For an inspirational story this week, one needs to look no farther than Arizona State University Wrestler Anthony Robles:

Arizona State sophomore Anthony Robles, born with one leg, fulfilled a dream Friday by becoming an All-American wrestler. He will have to wait until next season to continue his quest for an NCAA Division I individual championship.

Robles was beaten 5-2 Friday night by top-seeded and unbeaten Paul Donahoe of Edinboro (Pa.) University in the semifinals of the NCAA championships in St. Louis.

Robles, who came into the tournament as the 12th seed, remained in contention for third place.

"I expected to win, but props to my opponent. He just came out on top. … I brought my A-game, and so did he. He just came out on top," added Robles, cheered by the crowd as he hopped off the mat after his defeat

Robles, now 28-7 on the season, earned his way to the semifinals by winning three matches, two of them against higher-seeded wrestlers.

With a quarterfinal victory, Robles became an All-American. That status goes to the top eight finishers among 33 entrants in each weight division. Robles came one victory short of making All-American last season. His quarterfinal win Friday assured him no worse than sixth place this year.

Robles, who won two Arizona state titles as a high school wrestler, was born without a right leg from the pelvis down.
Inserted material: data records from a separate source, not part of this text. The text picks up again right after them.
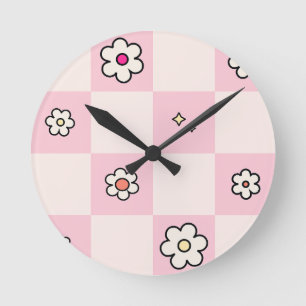 Gekachelte Gänseblümchen Rosa Runde Wanduhr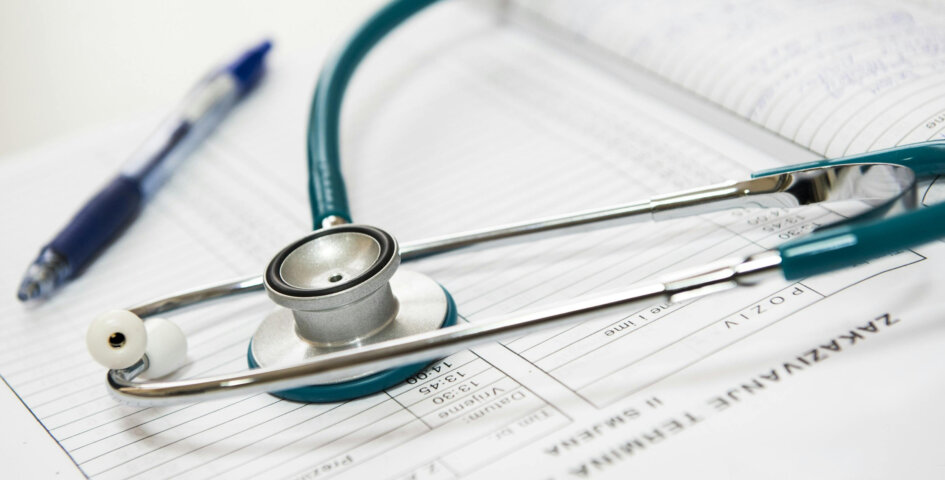 Close-up photo of a stethoscope.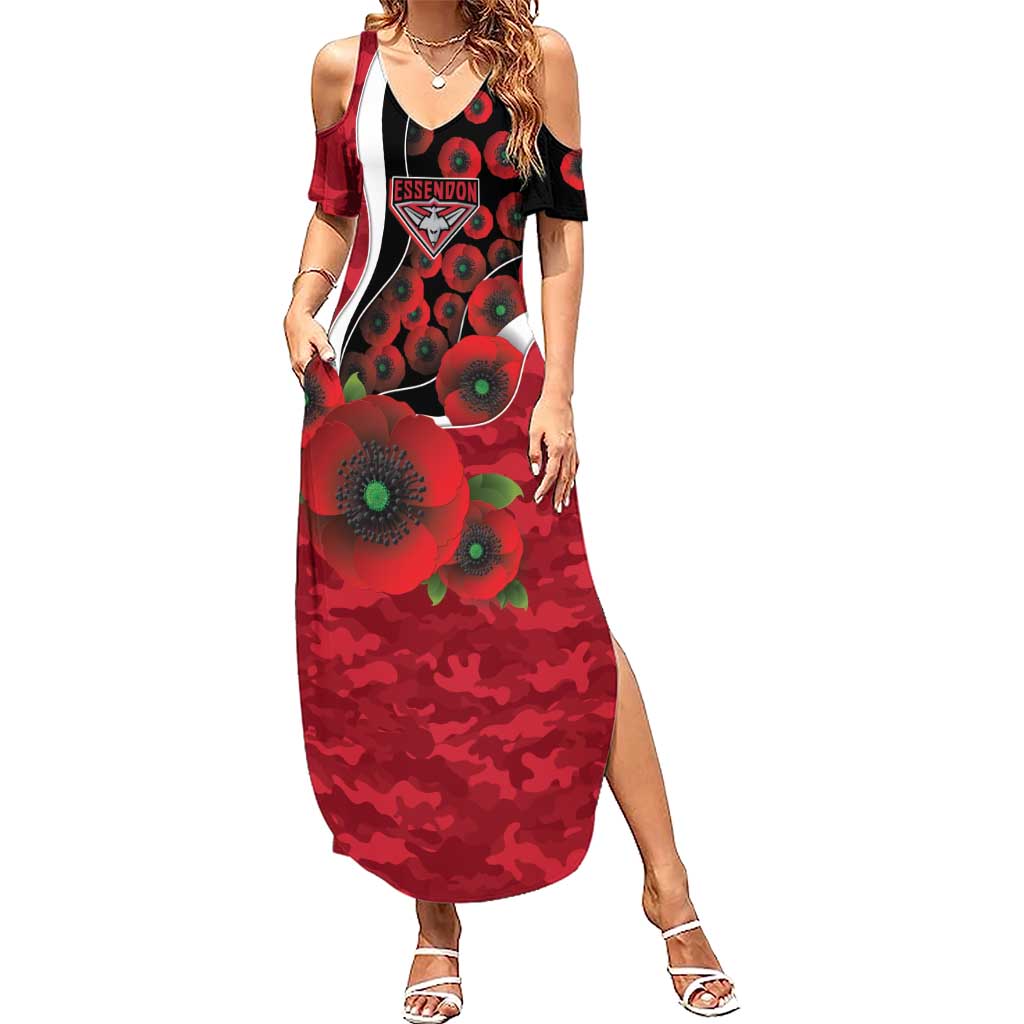 Essendon Bombers ANZAC Personalised Summer Maxi Dress Lest We Forget Poppy Camo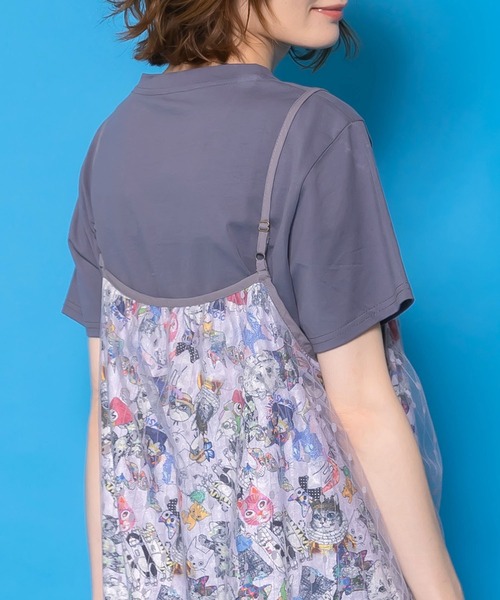 ScoLar（スカラー）の「161666：総柄ベロア×ストライプ柄チュールキャミワンピ（ワンピース・レディース・オフホワイト/パープル/ブラック・M）」の18枚目の写真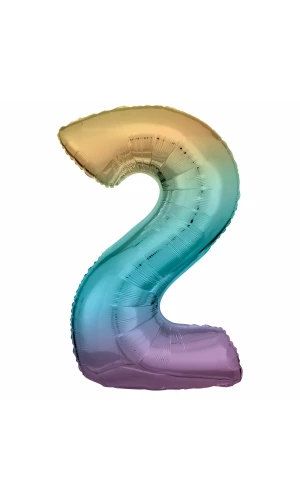 34 Inch Foil Balloon Number 2 - Pastel Rainbow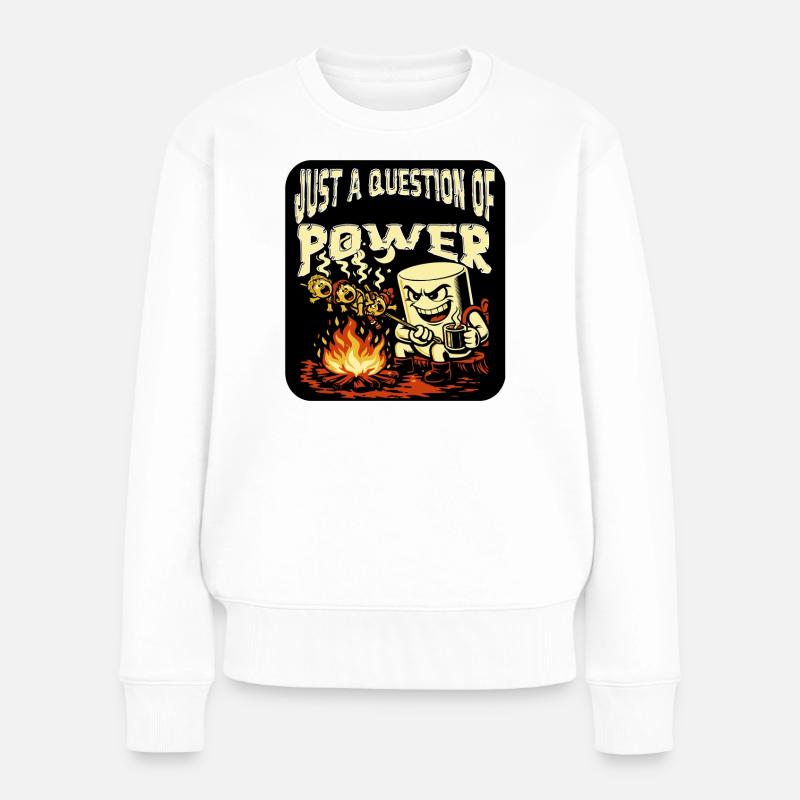 Lagerfeuerbraten - Frauen Premium Bio Pullover - Weiß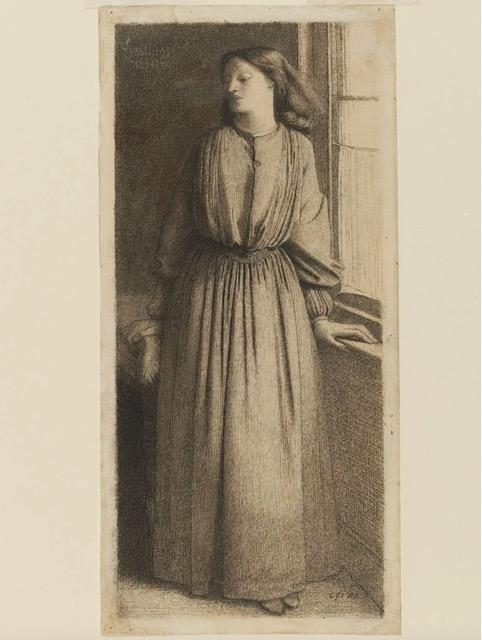 罗塞蒂画的西达尔,钢笔画,1854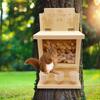 Wooden Squirrel Feeder Hanging Pet Food Dispenser Bird Raising Tool Hamster Feeding Box  Courtyard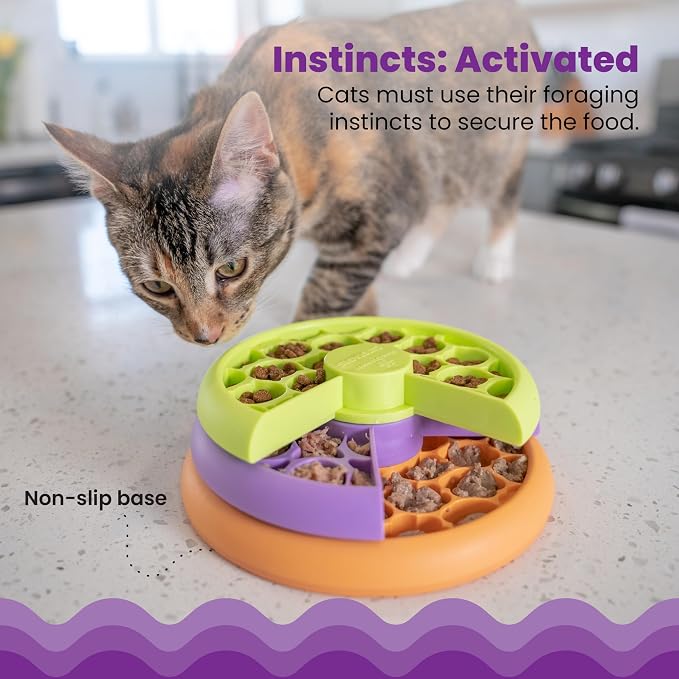 Catstages Nina Ottosson Kitty Lickin' Layers Cat Toy Treat Puzzle, 6.6" | Level 2 Intermediate, 3 Layers, 70+ Treat Compartments, Dry or Wet Food, Slow Feeder, Enrichment, Indoor Cats & Kittens - Image 4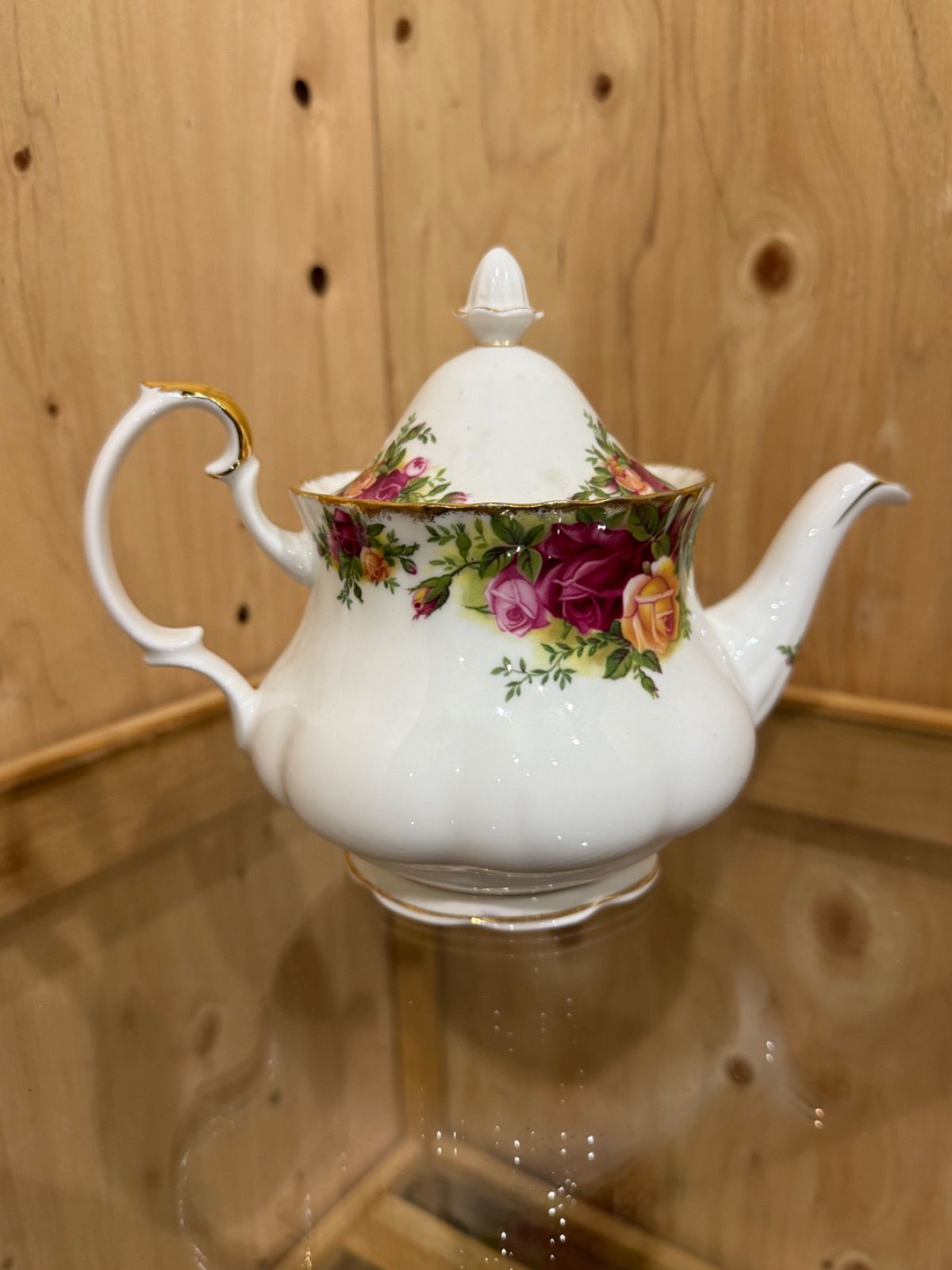 SGM ROYAL ALBERT ロイヤルアルバート カントリーローズ ティーセット ティーポット ミルクポット カップ-ソーサー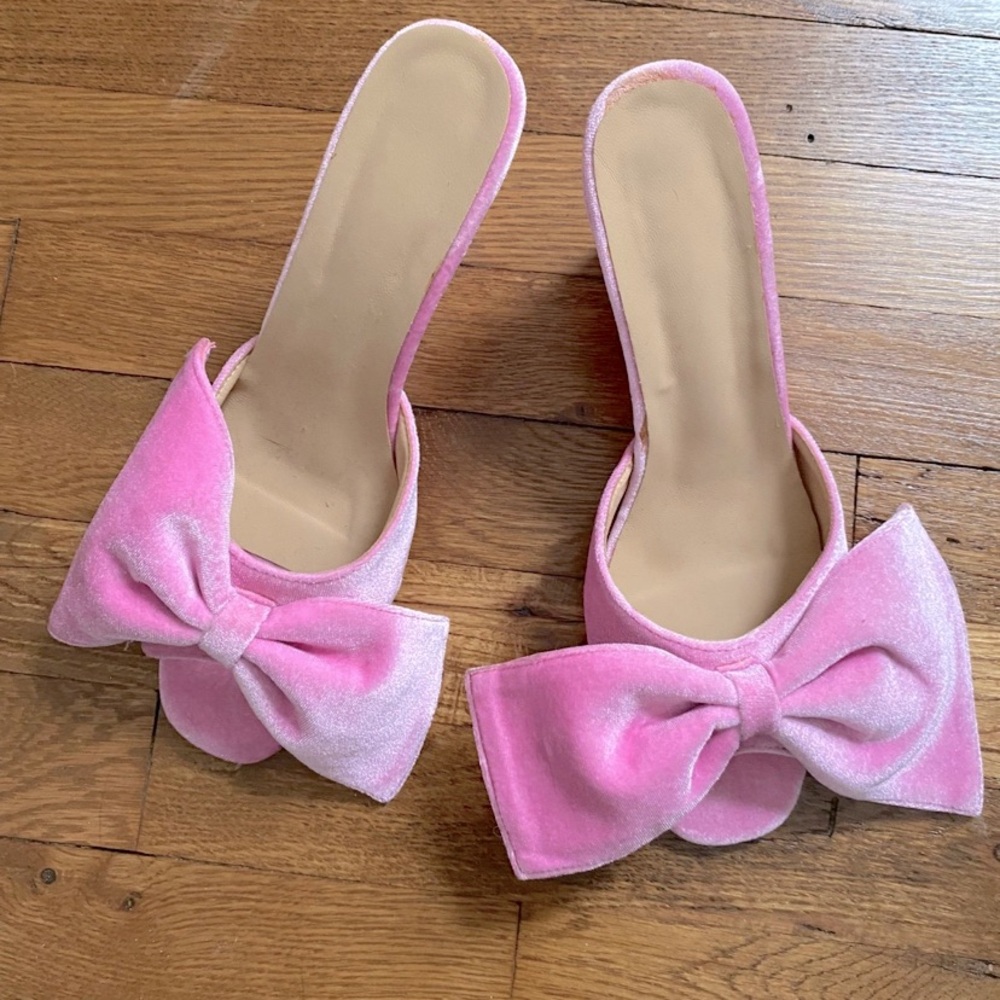 Barbie Pink Velvet Wedges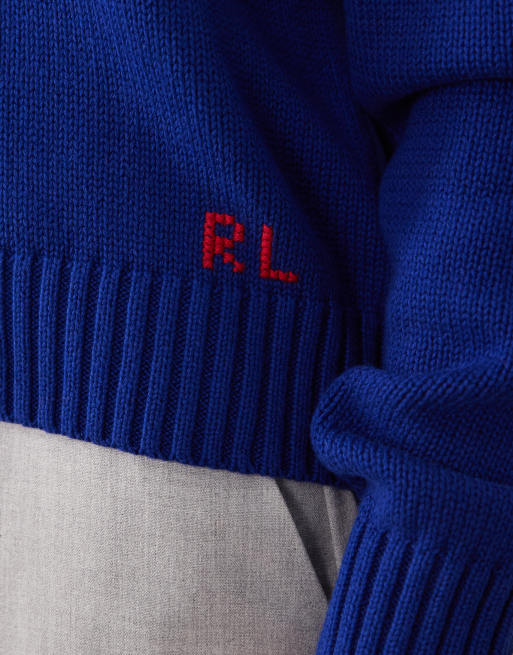 Polo Ralph Lauren bear cotton knit jumper in royal blue, 2 of 4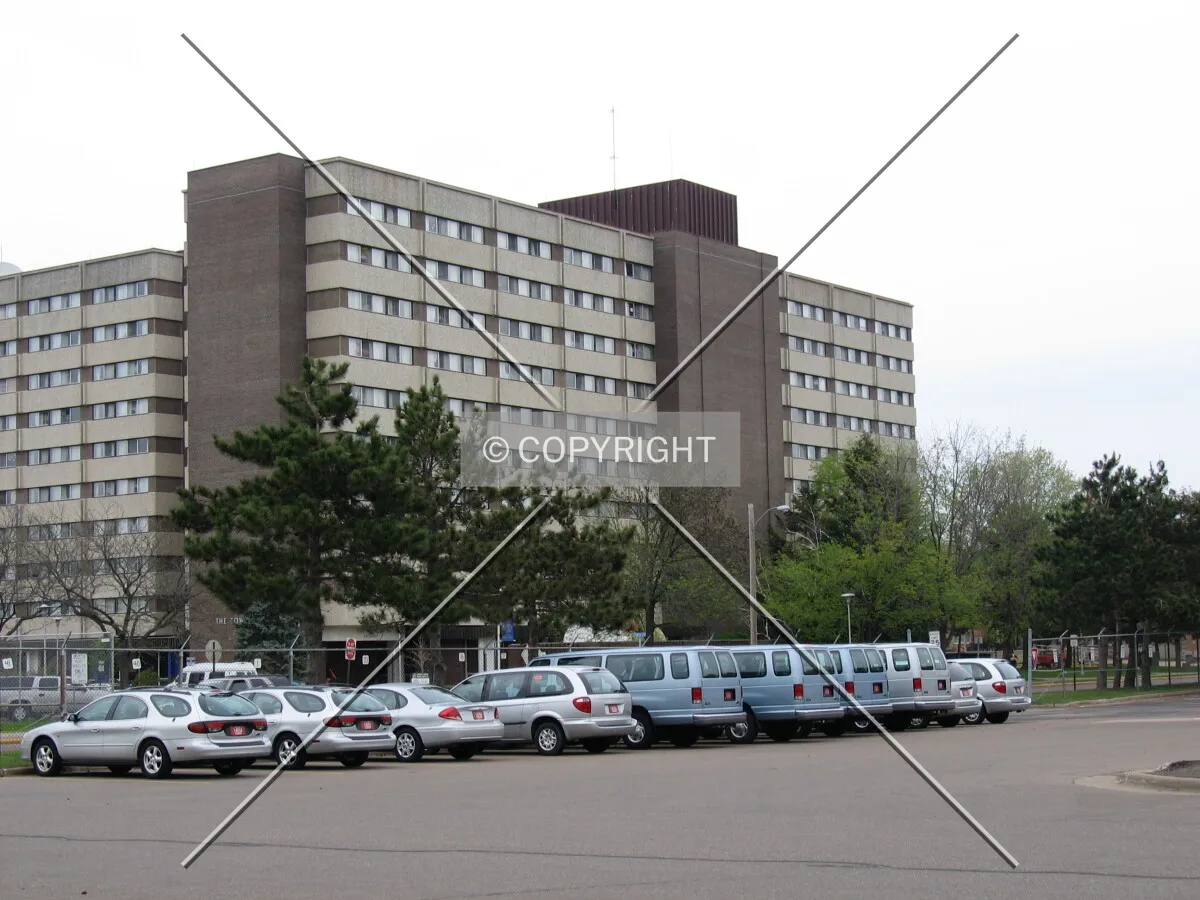 View from surrounding car park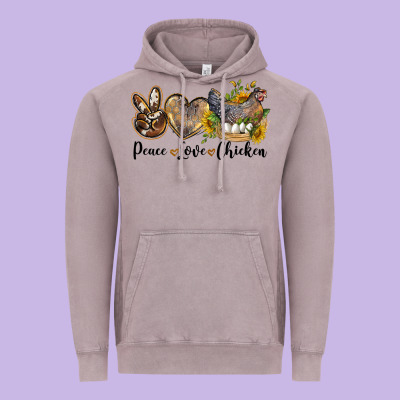 Western Peace Love Chickens Vintage Hoodie Designed By Lillyallendesigns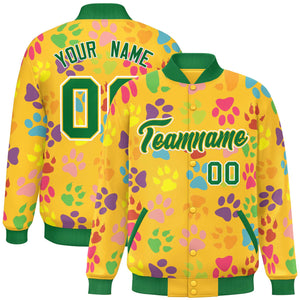 Custom Gold Kelly Green-White Varsity Pets Paw Prints Graffiti Pattern Letterman Baseball Jacket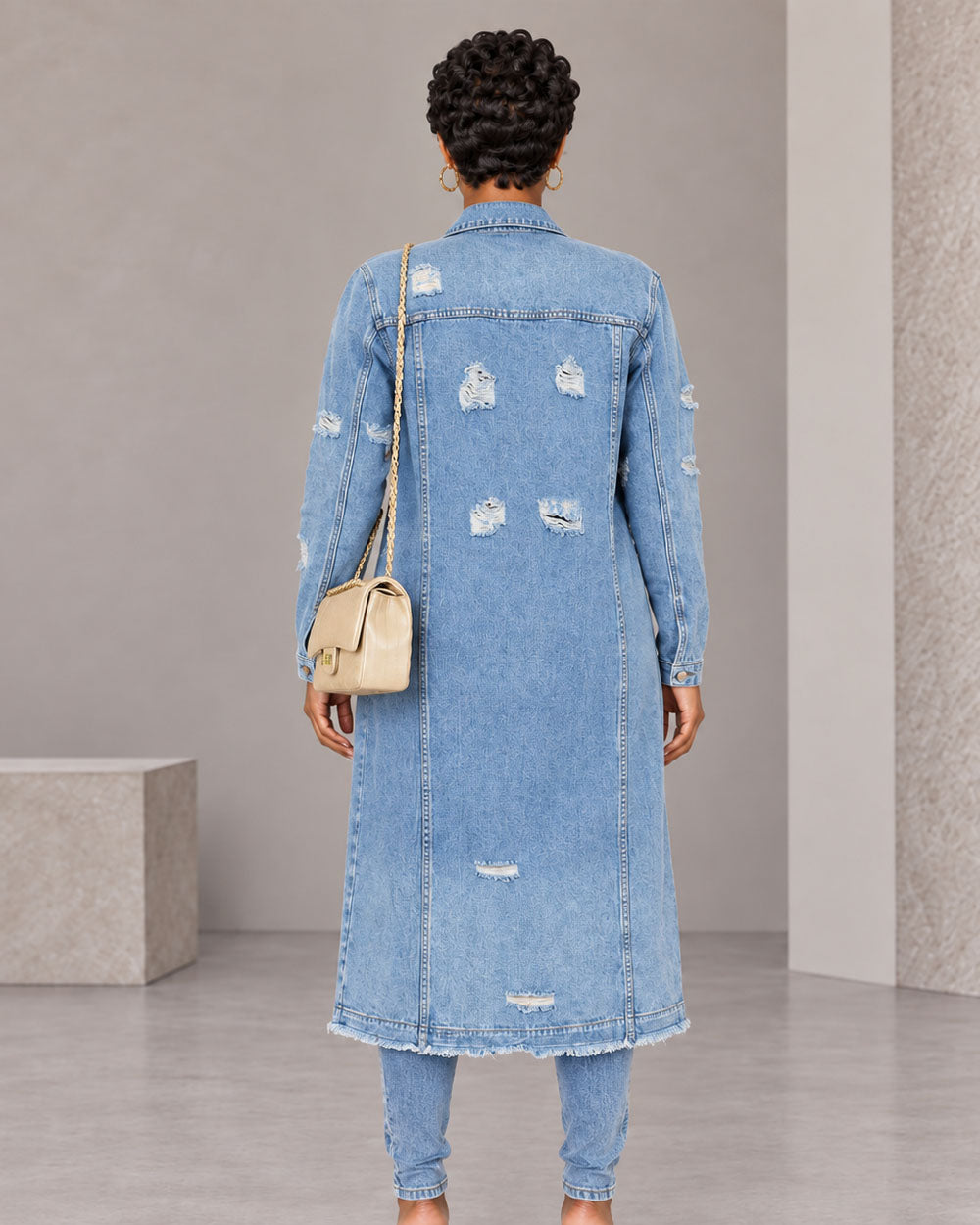 Long Game Distressed Denim Duster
He uses crutches off the mat. For the start of each match, he hops to the center of the mat and starts in the standup position. When the whistle blows, he but immediately drops to the mat and uses his left knee and arms to maneuver and balance himself…
Looking beyond the praise that the guy rightfully deserves, I wondered if Robles’ physical status could actual work to his advantage while on the mat:

1) Psychologically—Opponents consciously or sub-consciously aware of his appearance don’t pursue his leg initially and/or as aggressively as they would another wrestler.

2) Physically—When an opponent is grappling on the floor with Robles, they by nature are likely to reach for or otherwise try to account for a leg that is not there.

I posed these thoughts to my little league football teammate and former NCAA Division I wrestler. He agreed that his balance would be incredible, and that there would be less for an opponent to hold on to.

In contrast, he sees being an underdog as more of an advantage--as the guys with low rankings have nothing to lose and can aggressively take risks against the more cautious seeded wrestlers.

Whatever the case, Robles shows that through dedication and believing in one’s self, anything is possible.


copswife said...

Wow. Good for him!

J. J. in Phila said...

Very good. The perception issue might be the big issue as well.

I've indicated that I'm disabled. It is a lower back condition brought on by a birth defect (it's gotten work as I age). Aside from limping and using a cane; I wear a large bulky back brace. I also worked at one of the Phila Welfare offices for a number of years.

Many times there, I would be stopped by new security people, simply because they assumed that anyone limping, using a cane and wearing a back brace couldn't possibly be working there. :)

Slamdunk said...

Wow JJ I bet that got old fast.

J. J. in Phila said...

Actually, I have a fairly good sense of humor, and generally would make a joke of it.

One the funnier times was a a guard apologized to a fellow worker (who was junior to me) for not being able to stop me from entering his booth. I walked in the next day holding up two pieces of ID. :) I probably embarrassed the the poor security guard to death.